The RSSI difference calculator 42 receives and stores RSSI values R1(t), R2(t) and calculates the difference between present and past RSSI values. For example, if the RSSI difference calculator 42 receives RSSI values R1(t 1) and R2(t 1) detected at a time t1 after having received and stored previous RSSI values R1(t 2), R2(t 2) detected at a past time t2, it reads the stored values R1(t 2), R2(t 2) and calculates two difference values ΔR1 and ΔR2 by the following equations (1) and (2).
ΔR1=R1(t1)−R1(t2) (1)
ΔR2=R2(t1)−R2(t2) (2)
The switching signal generator 50 receives the RSSI values R1(t), R2(t) from the RSSI detector 41 and the difference values ΔR/, ΔR2 from the RSSI difference calculator 42, and outputs the switching signals S50 a, S50 b to the antenna switch 31 in the antenna selector 30.
Referring to FIG. 4, the switching signal generator 50 comprises a thresholder 51, an RSSI comparator 52, an absolute difference comparator 53, and a switching control logic section 54.
The thresholder 51 receives the RSSI values R1(t), R2(t), compares the absolute value of the difference between them with a threshold value X, and outputs the result as a signal S51 with a binary value of ‘1 ’ or ‘0 ’ indicating whether the absolute difference exceeds the threshold value.
The RSSI comparator 52 compares RSSI value R1(t) with RSSI value R2(t) and outputs the result as a signal S52 with a binary value of ‘1 ’ or ‘0 ’ indicating whether R1(t) exceeds R2(t), that is, R1(t)>R2(t); a value of ‘0 ’ indicates that R1(t) does not exceed R2(t).
The absolute difference comparator 53 compares the absolute value of the difference ΔR1 with the absolute value of the difference ΔR2 and outputs the result as a signal S53 with a binary value of ‘1 ’ or ‘0 ’ indicating whether absolute difference |ΔR1| exceeds absolute difference |ΔR2|.
The switching control logic section 54 receives the signals S51, S52, S53 output from the thresholder 51, RSSI comparator 52, and absolute difference comparator 53 and performs a logic operation that generates the switching signals S50 a, S50 b that control the switches 31 a, 31 b.
The operation of the receiving apparatus 10 will now be described in more detail.

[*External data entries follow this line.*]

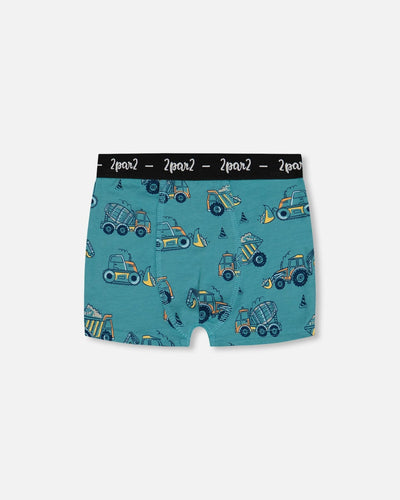 Printed organic cotton boxer shorts in teal with yellow truck pattern and black elastic waistband.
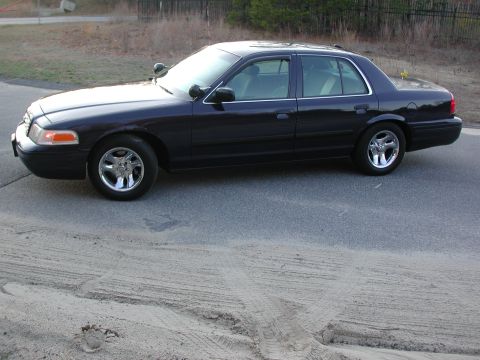1999 Ford Crown Victoria - A dark blue sedan with chrome wheels is parked on a paved surface, showing its side profile and interior.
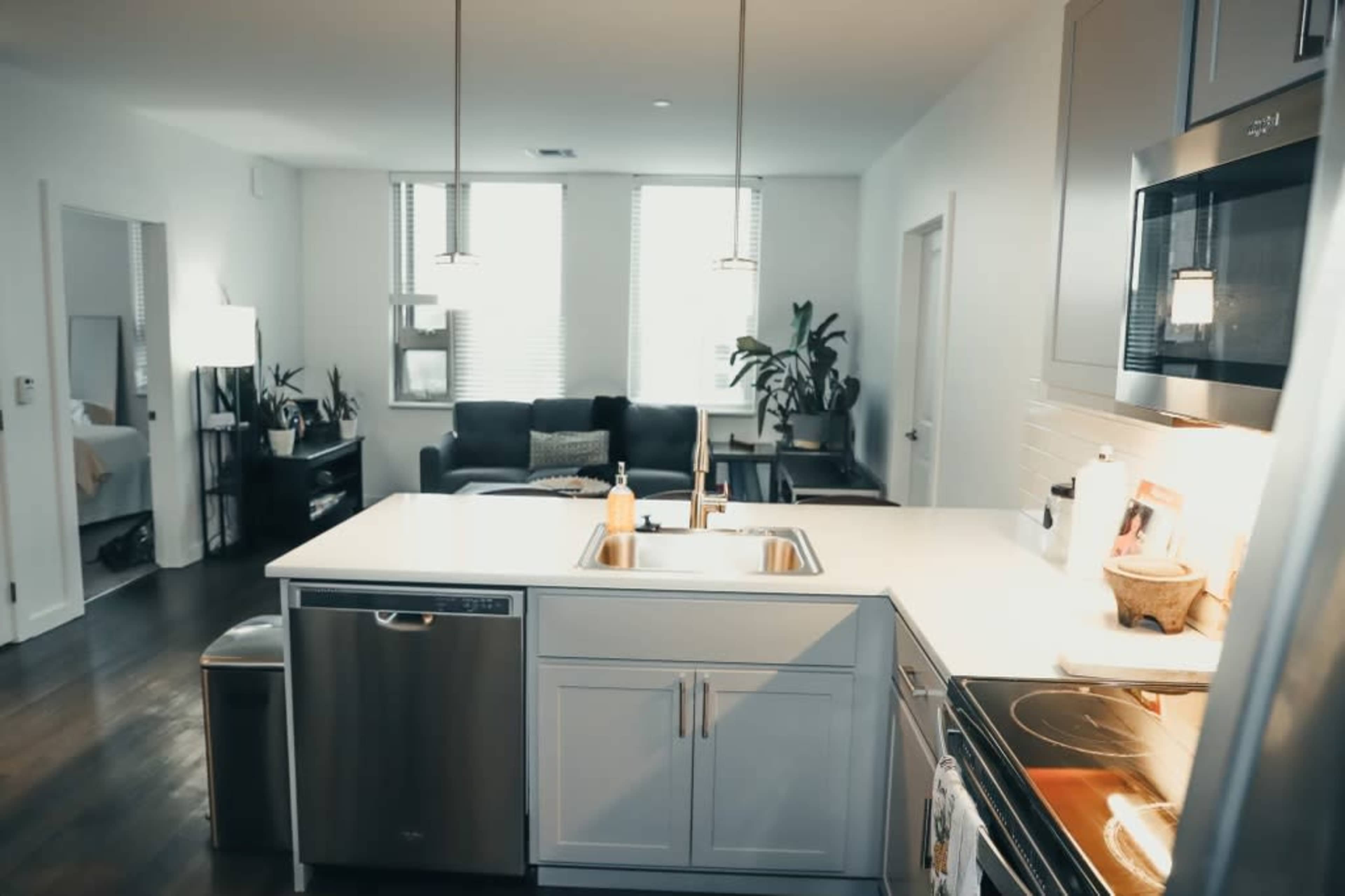 A modern kitchen with a central island, stainless steel appliances, and a living area visible in the background.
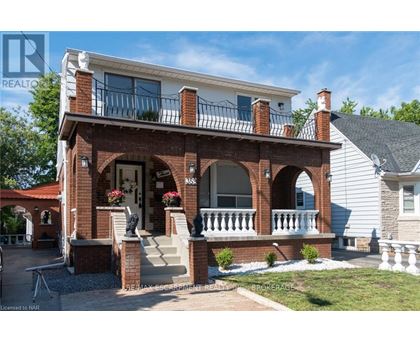 A house with a red brick porch and white trim.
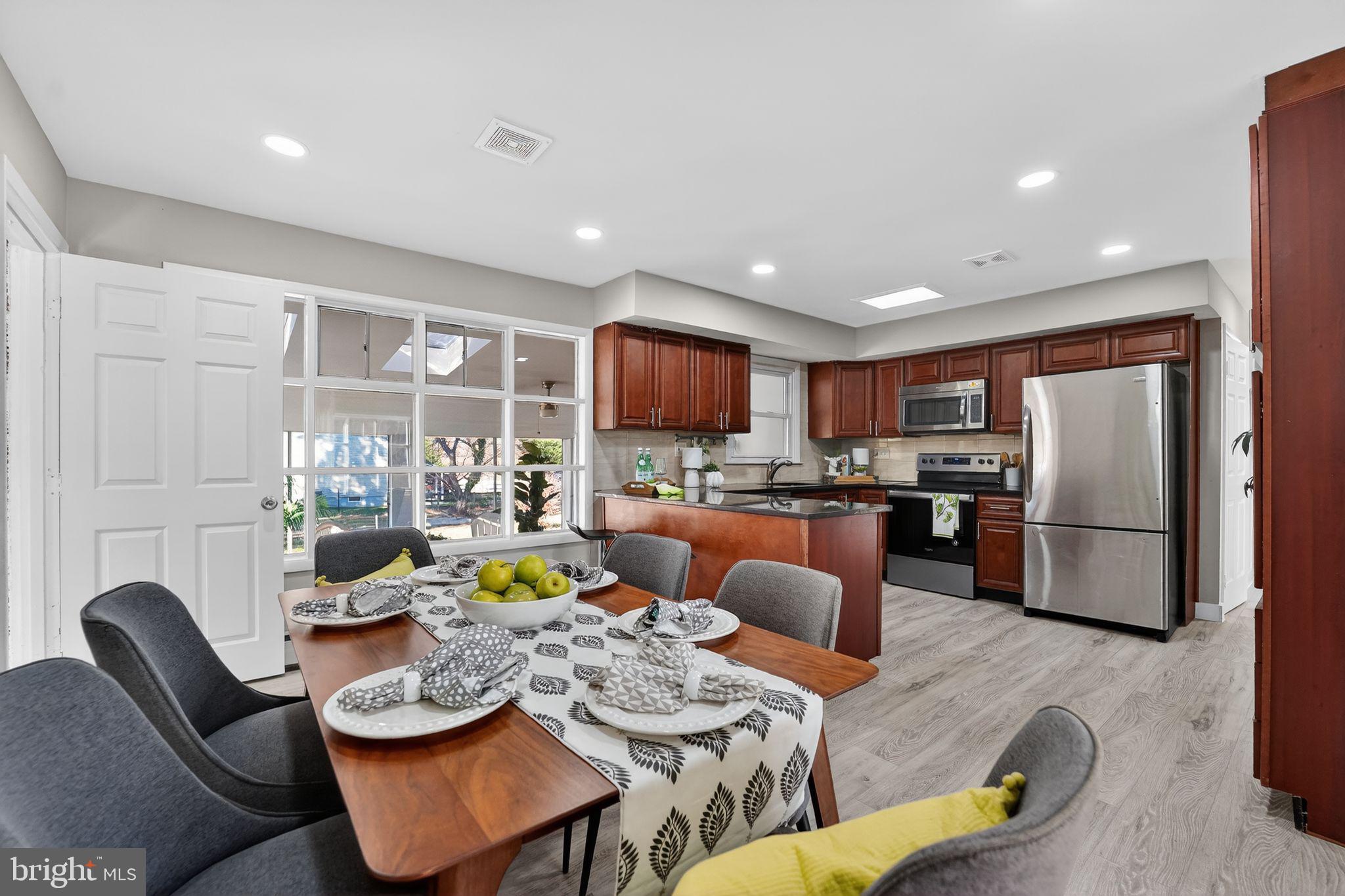 9337 Millbrook Road Ellicott City, MD 21042 - Photo 3 of 33 a living room with furniture kitchen view and a refrigerator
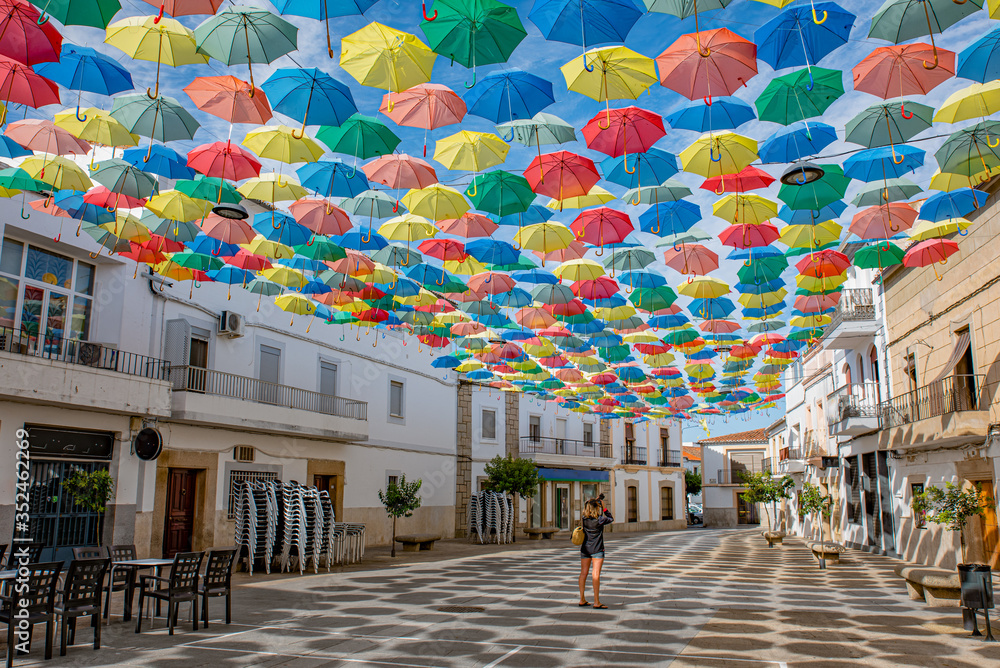 Umbrellas floating in the sky with lots of color in Águeda, Portugal
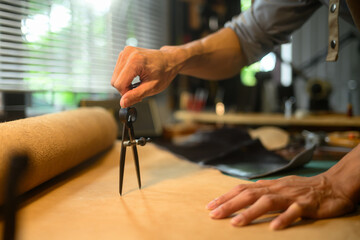 Close up of craftsman hands meticulously measuring a piece of leather using a pair of dividers in...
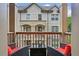 Cozy balcony with outdoor seating, a view of a white brick building, and a relaxed atmosphere at 600 Luckett Ct, Smyrna, GA 30080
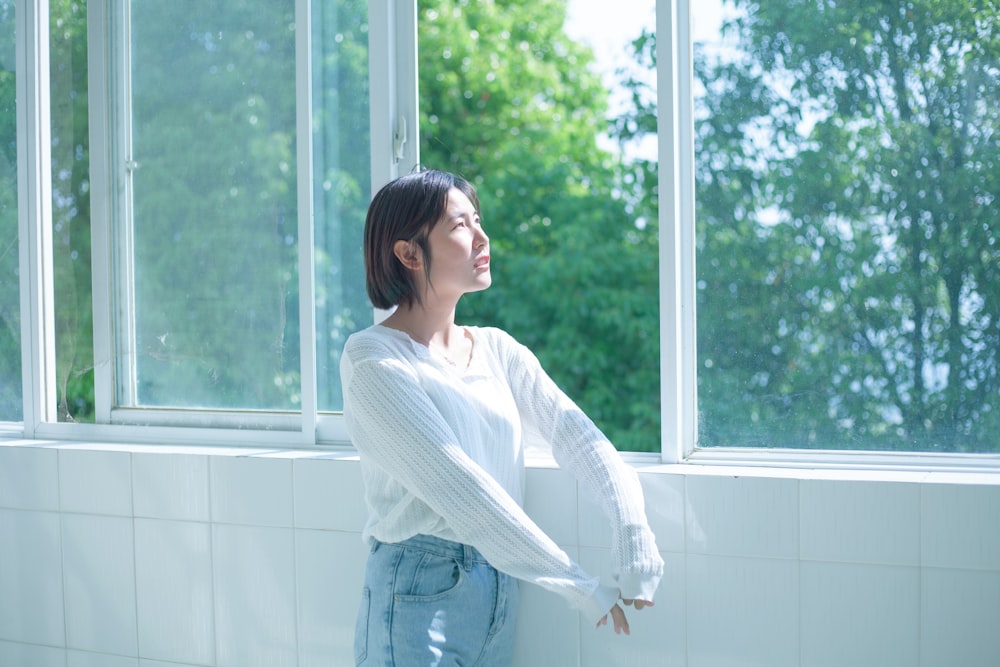 woman in white long sleeve shirt and blue denim jeans standing by the window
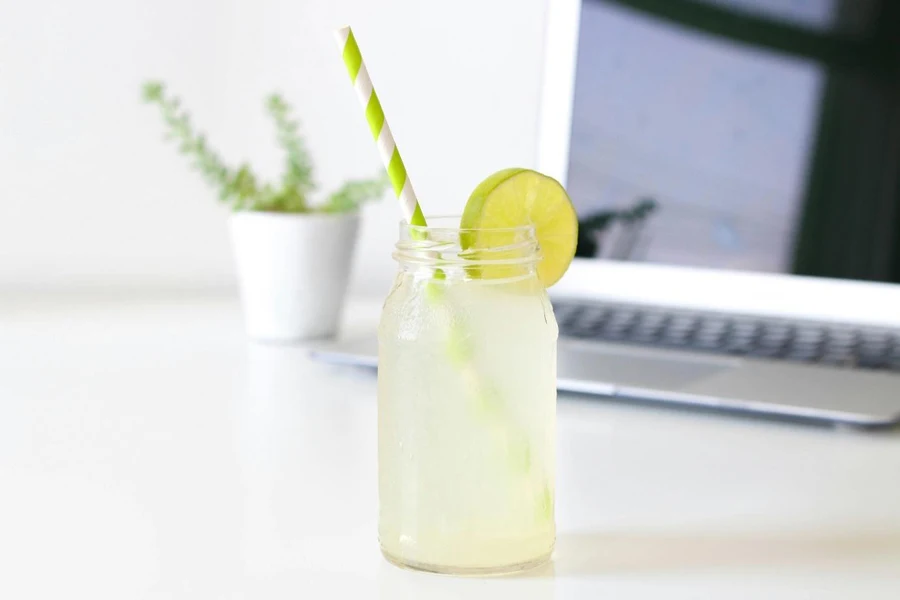 A glass jar with a straw and a lime slice on it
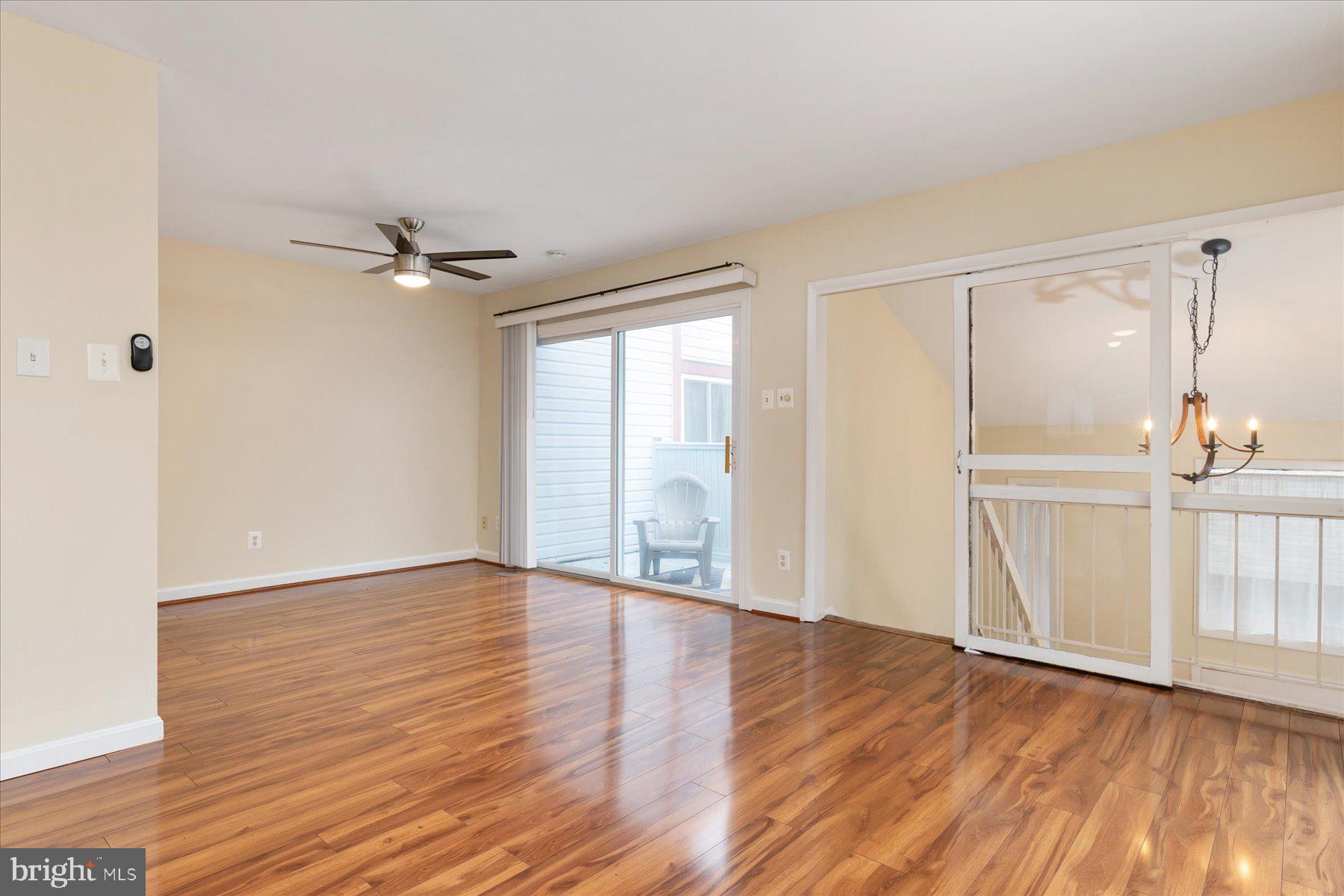 1914 Ardenwood Terrace Crofton, MD 21114 - Photo 6 of 34 a view of an empty room with wooden floor and a window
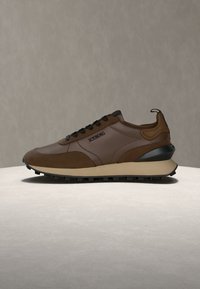 Baskets en cuir marron et suède avec lacets noirs, semelle beige, semelle extérieure noire et logo ICENRG sur le côté, sur une surface claire et un fond gris.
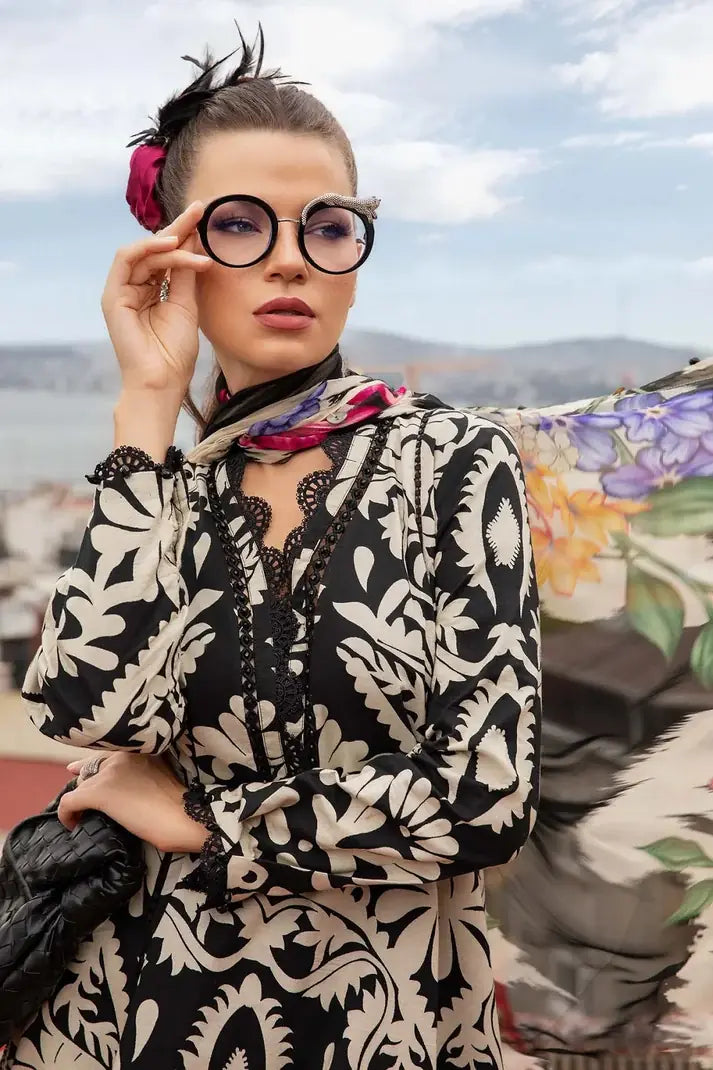 Woman wearing a black and white patterned dress with glasses outdoors.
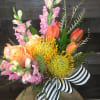 This vibrant flower arrangement features a stunning mix of orange tulips, soft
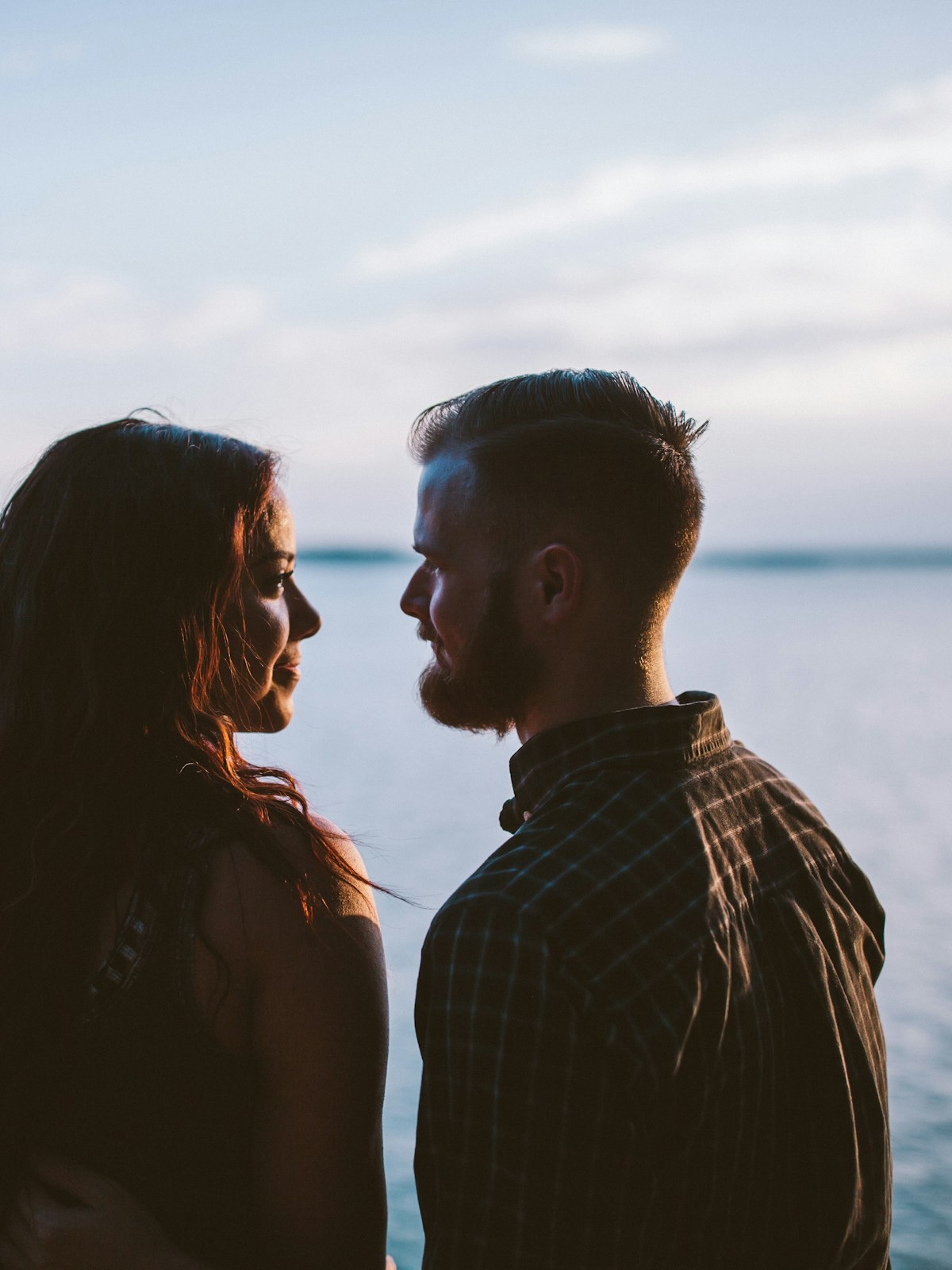 Two people close to each other at golden hour, gazing toward one another over water.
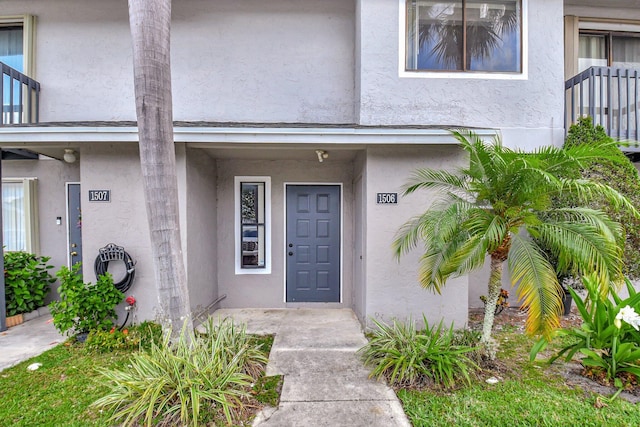 doorway to property featuring stucco siding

First, the general operation of the portable electronic device 1 will be summarized. It will be assumed that the neckstrap shown in FIGS. 1 and 2 is worn around the user's neck and that the second antenna 12 embedded in the neckstrap is connected to the external antenna connector 13 of the portable electronic device 1.
The controller 24 of the portable electronic device 1 generates packets based on input from, for example, the microphone 22. The packet signals are modulated onto the intermediate-frequency transmit signal by the modulator 25, and then onto the transmitted carrier signal by the radio-frequency transmitter 26 to create a transmit signal, which is transmitted from the antenna or antennas selected by the antenna selector 30 in the receiving apparatus 10.
In the receiving apparatus 10, the antenna selector 30 selects the antennas 11, 12 according to their RSSI values and various differences thereamong, and outputs the received signal S30 to the switching controller 40 and the demodulator 60. The demodulator 60 demodulates the received signal S30 to generate packet data. The controller 24 converts the packet data to, for example, a voice signal for output to the loudspeaker 23.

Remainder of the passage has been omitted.